The excited state lifetime is dependent on the radiative and nonradiative rate constants of the relaxation process. In the weakly emitting Ru(II) polypyridine complexes the nonradiative decay constant is the more important factor [30]. Beside direct contributions from the ground state, this nonradiative decay can be reached via a thermally accessible metal-centered state (3MC). Lowering the energy of the 3MLCT state reduces the accessibility of this 3MC state, but increases the direct contribution of the ground state according to the energy gap law [31,32]. Synthetic strategies to prolong this lifetime have already been discussed. [29,33]. For example, by introduction of electron withdrawing substituents (e.g., SO2Me) [34], or acetylene groups [35], lifetimes of the 3MLCT state up to 580 ns were found, due to the lowering of the 3MLCT energy which reduces the population of the 3MC state. However, the most successful strategy to extend the lifetime of the excited state is to equilibrate the emissive 3MLCT state with a nonemissive triplet state [36]. The ruthenium(II) complex bearing a terpyridine-pyrimidyl-anthranyl ligand reached two lifetimes for the decay of the excited states of 9 ns and 1806 ns [37]. Utilizing similar strategies the lifetime of Ru(II) bipyridine complexes can also be extended reaching lifetimes of up to 58.4 µs in CH3CN (Figure 4).

Comparing Ru(tpy)22+ with its higher homolog Os(tpy)22+, a relatively long-lived 3MLCT (269 ns in acetonitrile) is found.
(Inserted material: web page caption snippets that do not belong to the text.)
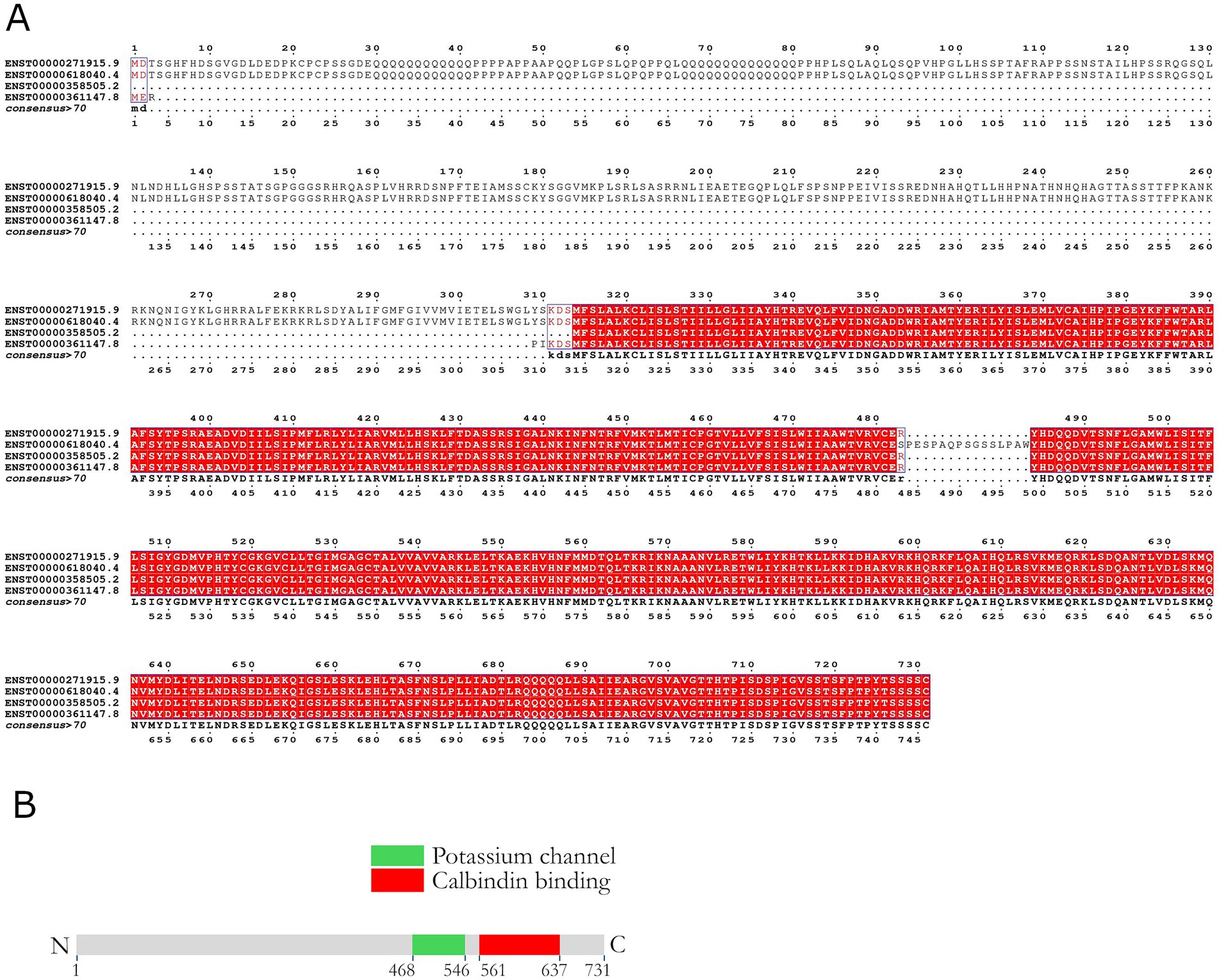 Image consists of two panels. Panel A displays a sequence alignment of four protein sequences annotated with highlights and color coding. A consensus sequence is shown at the bottom, and certain regions are colored in red. Panel B is a schematic representation of a protein domain structure. It includes a linear diagram with marked regions in green for potassium channel and red for calbindin binding sites, spanning positions 468 to 731. Annotations identify regions as N-terminus and C-terminus.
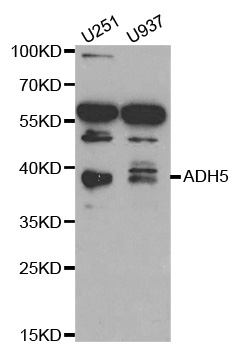 ADH5 Antibody - Western blot analysis of extracts of various cell lines.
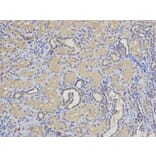 Immunohistochemistry - EIF5A Antibody from Signalway Antibody (32552) - Antibodies.com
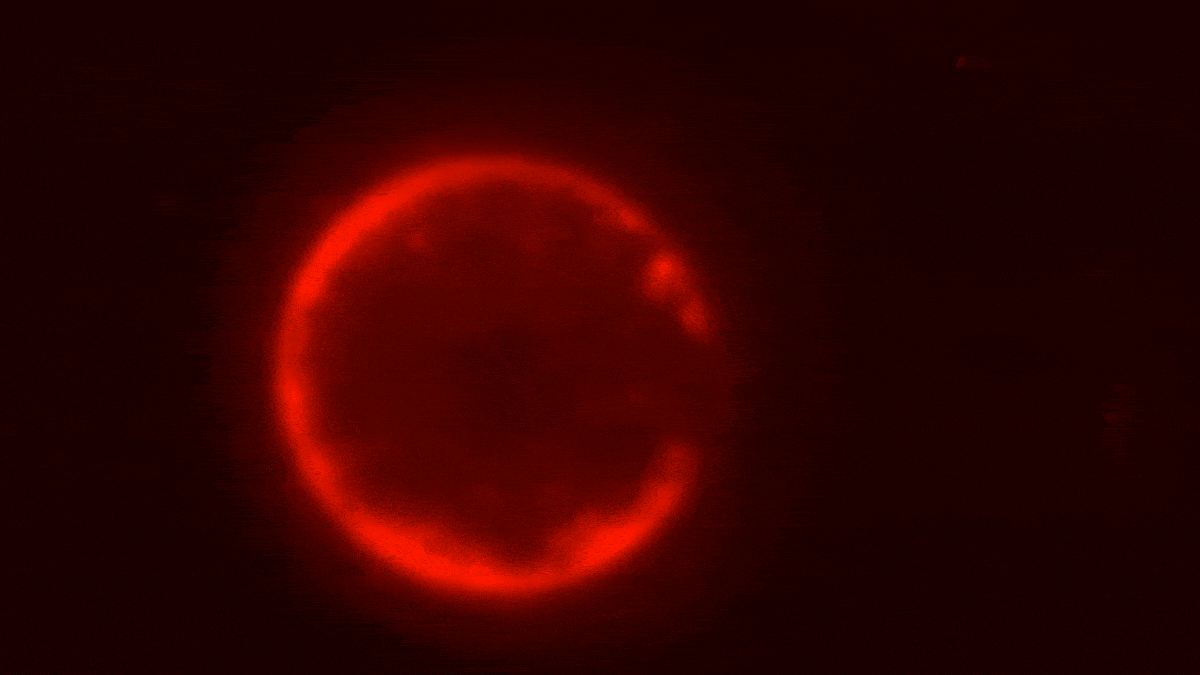 Scientists Grew Cells That Divide From Lab-Created DNA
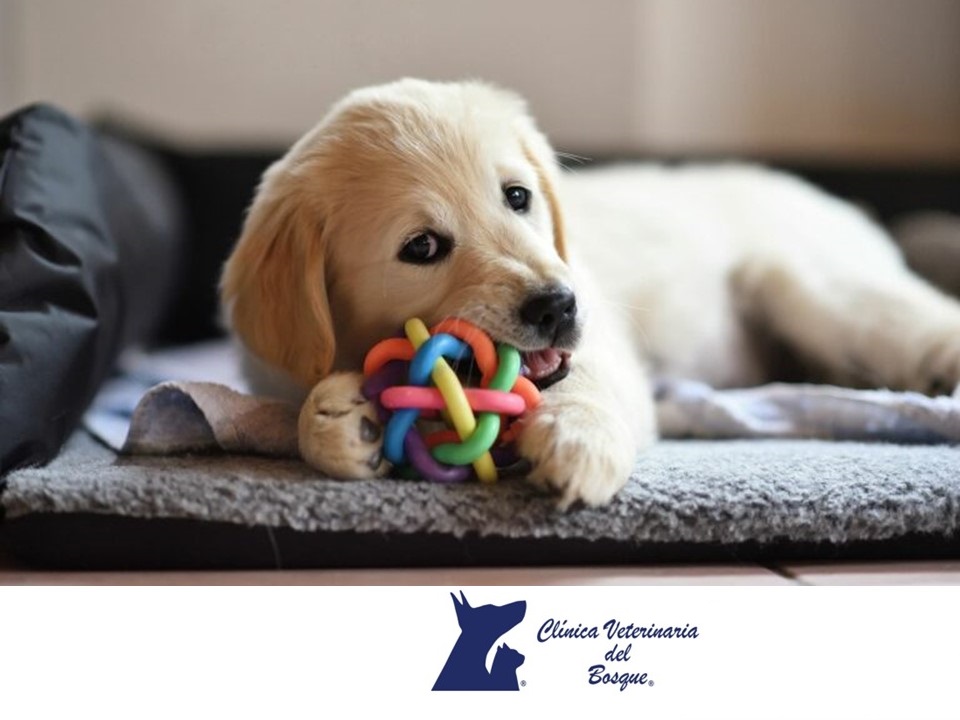 Si estás planeando #adoptar a un #cachorro, es importante que lo traigas a una #consulta para que nuestros médicos veterinarios expertos lo desparasiten y se establezca el programa de vacunación contra el moquillo, parvovirus, leptospirosis, adenovirus y coronavirus, rabia.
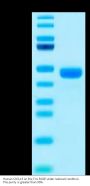 Human CXCL13/BCA-1 Protein (CXC-HM213)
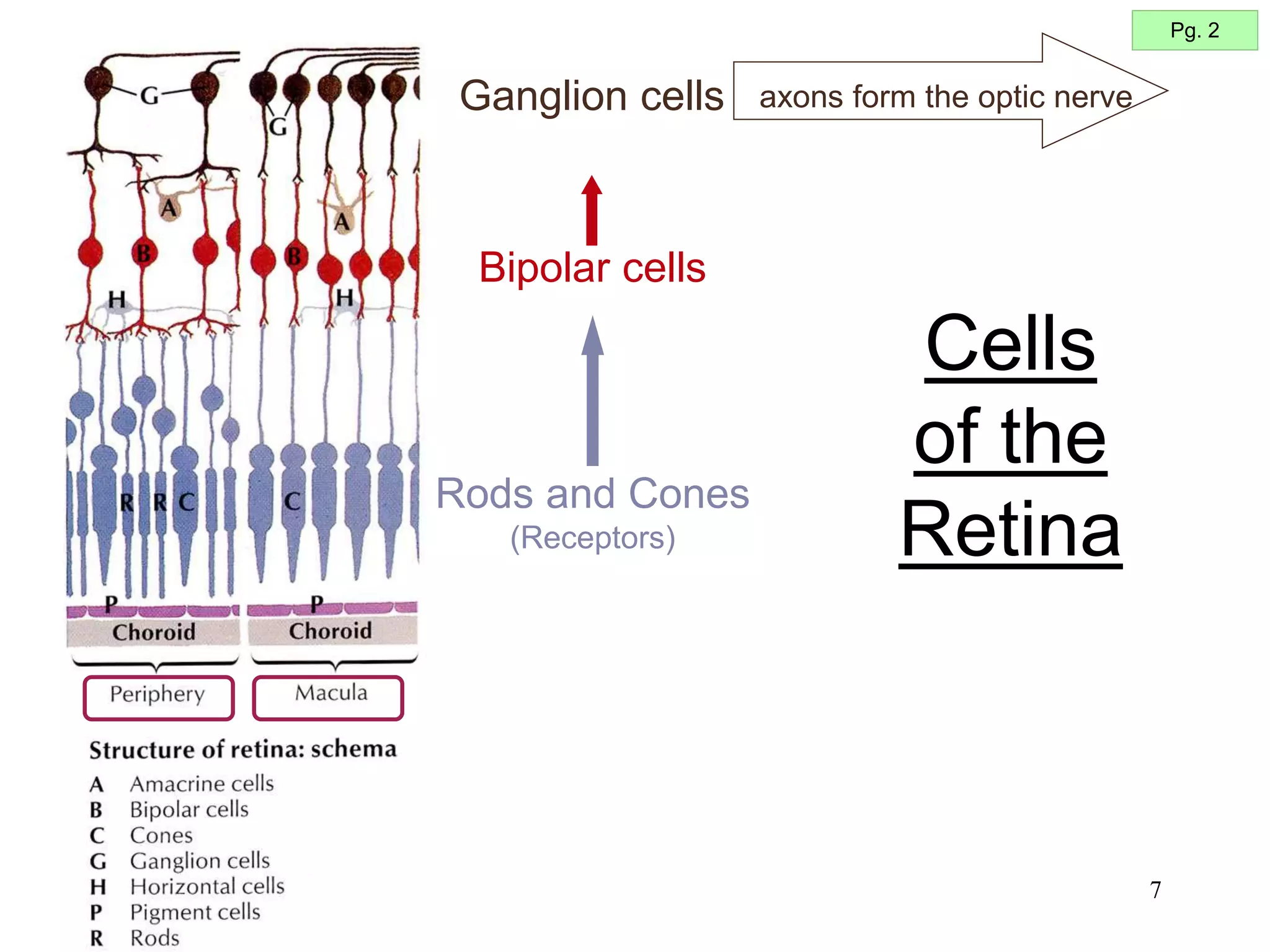 7
Cells
of the
Retina
Pg. 2
Rods and Cones
(Receptors)
Ganglion cells axons form the optic nerve
Bipolar cells
 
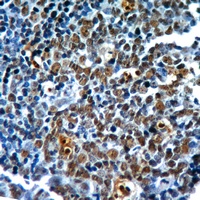 Histone H3 Antibody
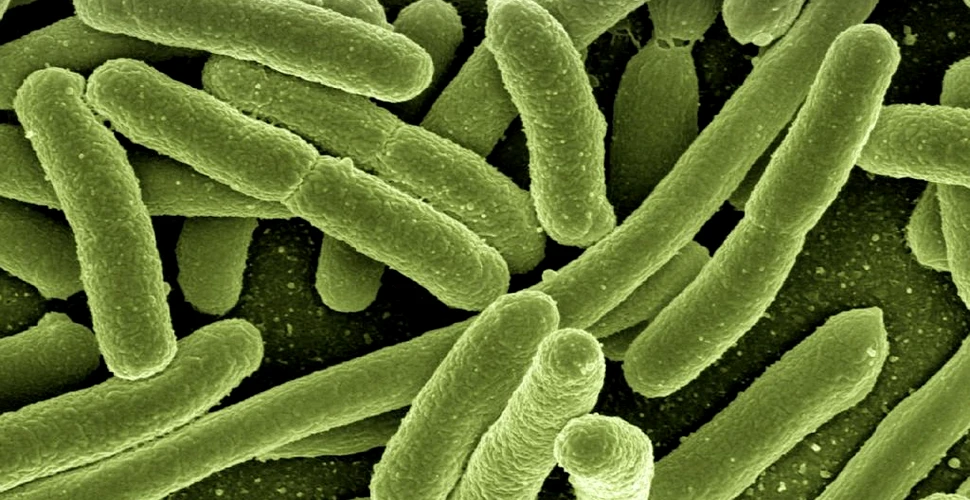 Bacteriile mortale ar putea răspândi rezistența la antibiotice mai repede decât ne-am fi imaginat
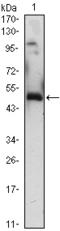 Krox-24 antibody, AM06427SU-N, Origene, Western Blot image 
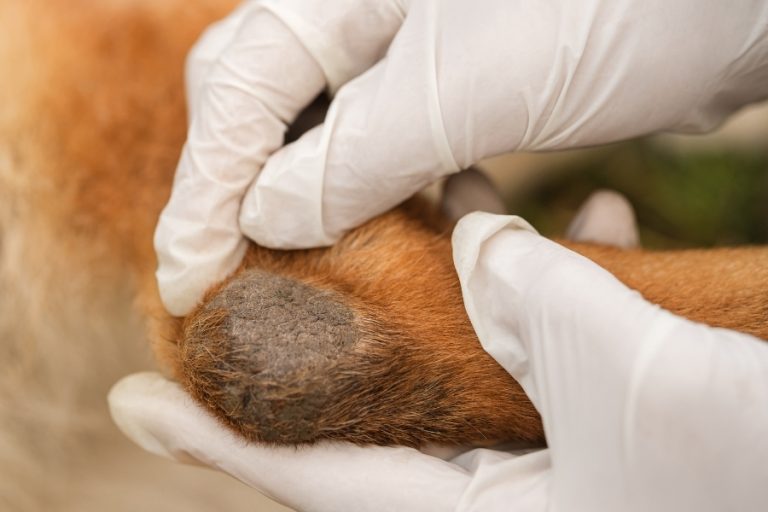 Tumores de piel en perros:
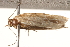  ( - BIOUG18344-A10)  @12 [ ] CreativeCommons - Attribution (2015) Unspecified Centre for Biodiversity Genomics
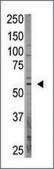 Anti-OASIS (C-term) antibody produced in rabbit IgG fraction of antiserum, buffered aqueous solution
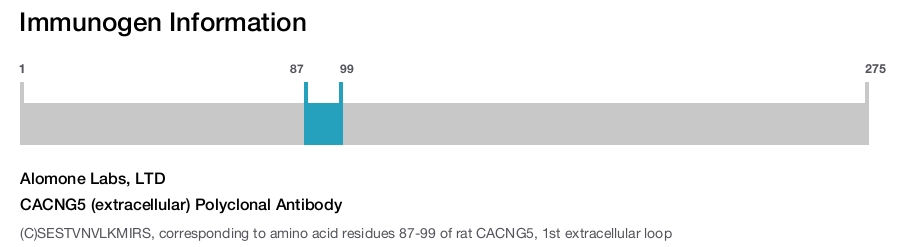 CACNG5 (extracellular) Polyclonal Antibody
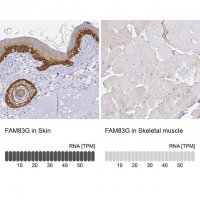 Anti-FAM83G antibody produced in rabbit 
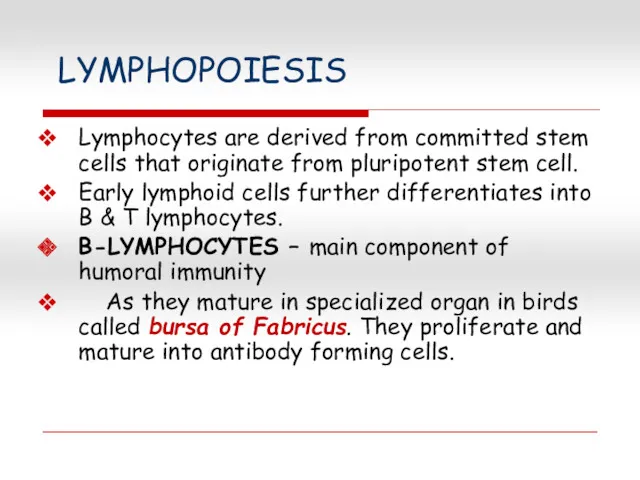 LYMPHOPOIESIS Lymphocytes are derived from committed stem cells that originate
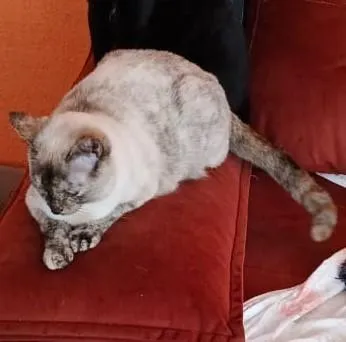 Gato raça SRD-ViraLata idade 4 anos nome Nina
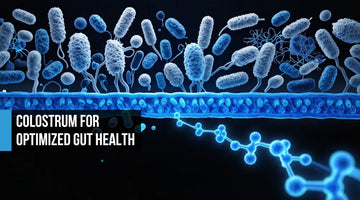 Electric blue gut cross-section with IgG antibody structures and lactoferrin layer reinforcing the intestinal barrier against microbial stress on black background
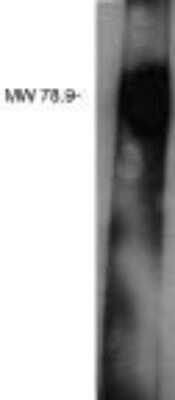 Western Blot LPPR3 Antibody - BSA Free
The absorption wavelength of the MLCT transfer and its first reduction potential are nearly identical to the analogous ruthenium complex [27]. A comprehensive list of the excited state behavior of further metal terpyridine complexes is detailed in Table 1.

Beside ruthenium(II) complexes and their higher homologs, another well-established category of photosensitizers are rhenium(I) complexes. One important aspect to note for this type of complex is that they can act as both photosensitizers and catalytic site for the selective reduction of CO2 to CO.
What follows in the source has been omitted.